__DATASET__
-*-
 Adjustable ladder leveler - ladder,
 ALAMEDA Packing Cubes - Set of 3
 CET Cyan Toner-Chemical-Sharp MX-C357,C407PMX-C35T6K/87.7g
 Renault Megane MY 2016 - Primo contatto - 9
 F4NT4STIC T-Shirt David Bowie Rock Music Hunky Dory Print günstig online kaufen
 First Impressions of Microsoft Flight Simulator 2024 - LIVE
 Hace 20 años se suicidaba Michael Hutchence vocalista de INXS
-*-
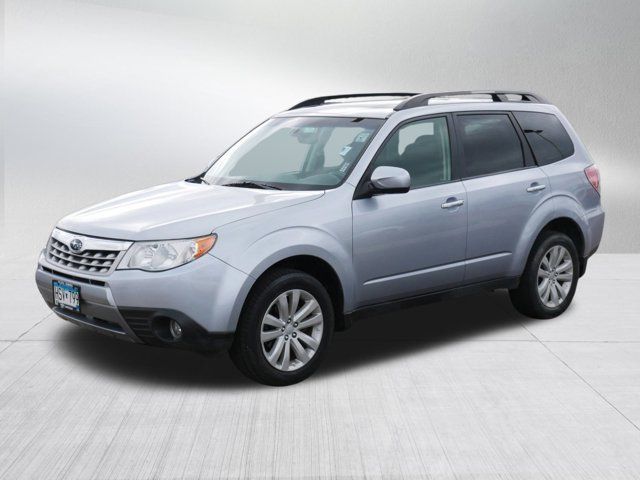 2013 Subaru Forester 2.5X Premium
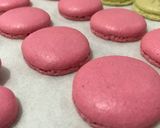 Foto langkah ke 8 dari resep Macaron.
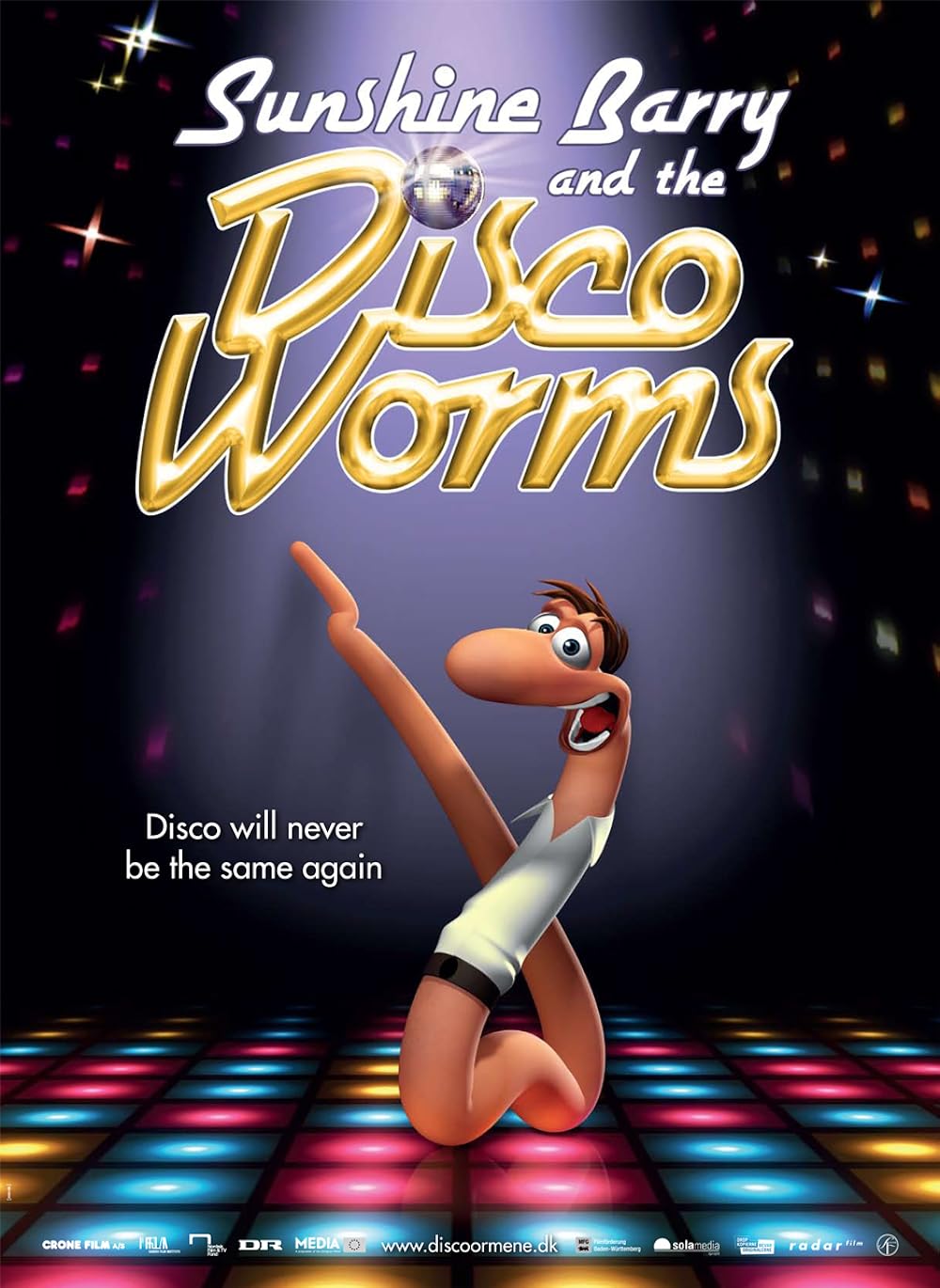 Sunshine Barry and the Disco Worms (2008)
-*-
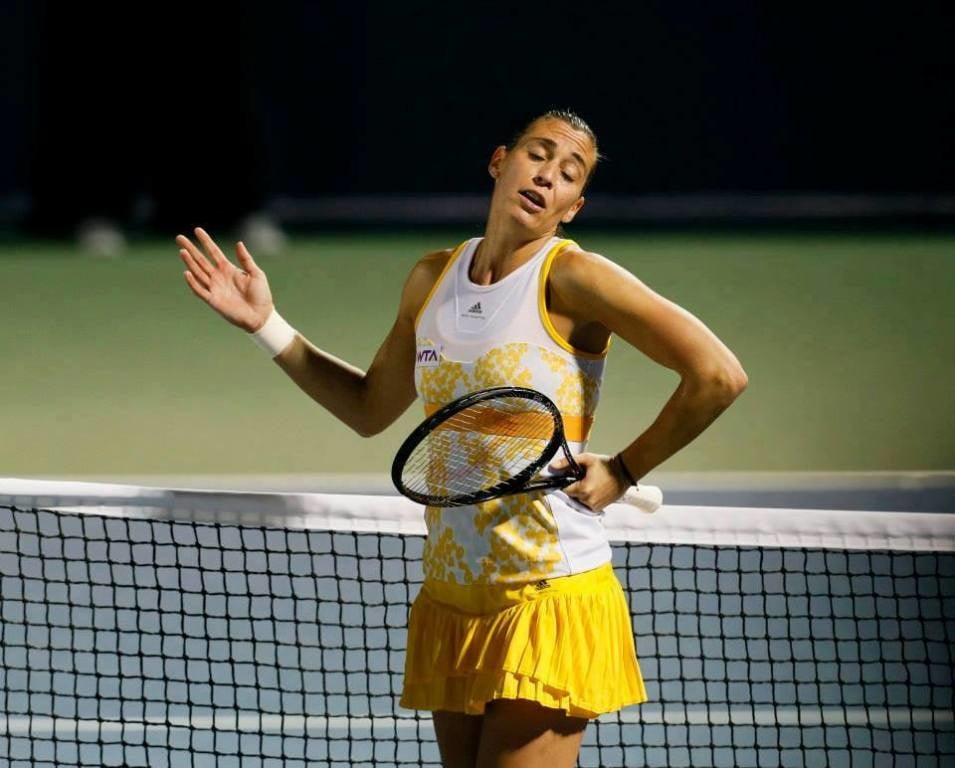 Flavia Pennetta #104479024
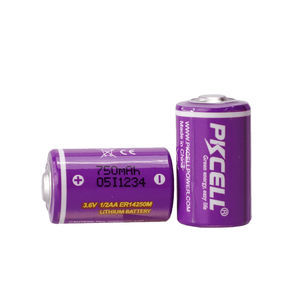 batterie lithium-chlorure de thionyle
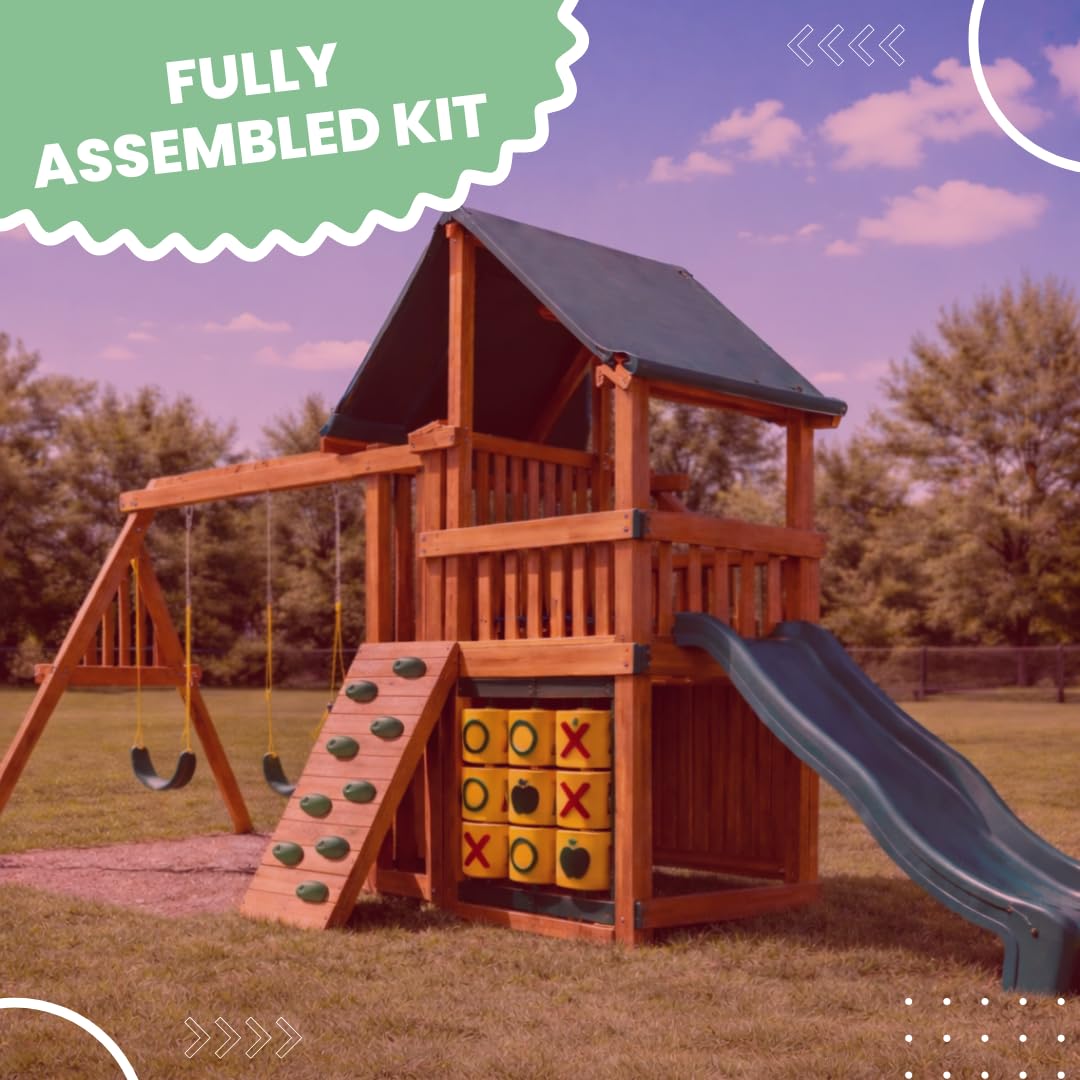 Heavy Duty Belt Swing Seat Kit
-*-
__EXERCISE BRIEF__
Precisely the lines between those holding "ALAMEDA Packing Cubes - Set of 3" and "First Impressions of", inclusive, are to be reproduced from the listing above, with nothing added.

__FINISHED EXERCISE__
 ALAMEDA Packing Cubes - Set of 3
 CET Cyan Toner-Chemical-Sharp MX-C357,C407PMX-C35T6K/87.7g
 Renault Megane MY 2016 - Primo contatto - 9
 F4NT4STIC T-Shirt David Bowie Rock Music Hunky Dory Print günstig online kaufen
 First Impressions of Microsoft Flight Simulator 2024 - LIVE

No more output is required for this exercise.